Assigned task: Repeat exactly the lines below that lie between the line with "Power SupplySharkoon Rebel" and the line with "Lunettes De Fête", counting both of those lines as part of the answer.

Raw data:
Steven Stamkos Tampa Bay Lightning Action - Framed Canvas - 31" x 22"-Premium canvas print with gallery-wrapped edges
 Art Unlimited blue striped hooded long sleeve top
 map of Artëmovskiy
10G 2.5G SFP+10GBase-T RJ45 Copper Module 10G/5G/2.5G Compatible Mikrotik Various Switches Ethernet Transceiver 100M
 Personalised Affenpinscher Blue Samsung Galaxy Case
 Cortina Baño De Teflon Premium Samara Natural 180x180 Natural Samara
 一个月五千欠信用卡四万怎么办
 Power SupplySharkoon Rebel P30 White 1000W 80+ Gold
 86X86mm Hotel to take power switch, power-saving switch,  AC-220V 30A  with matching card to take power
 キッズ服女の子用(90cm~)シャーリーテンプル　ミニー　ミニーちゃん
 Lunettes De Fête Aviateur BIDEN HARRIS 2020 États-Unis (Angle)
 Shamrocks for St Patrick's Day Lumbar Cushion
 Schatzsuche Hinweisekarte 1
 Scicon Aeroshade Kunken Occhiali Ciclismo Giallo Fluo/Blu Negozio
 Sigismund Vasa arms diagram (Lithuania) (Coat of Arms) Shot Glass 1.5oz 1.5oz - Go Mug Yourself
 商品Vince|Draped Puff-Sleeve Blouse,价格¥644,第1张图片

Task answer:
 Power SupplySharkoon Rebel P30 White 1000W 80+ Gold
 86X86mm Hotel to take power switch, power-saving switch,  AC-220V 30A  with matching card to take power
 キッズ服女の子用(90cm~)シャーリーテンプル　ミニー　ミニーちゃん
 Lunettes De Fête Aviateur BIDEN HARRIS 2020 États-Unis (Angle)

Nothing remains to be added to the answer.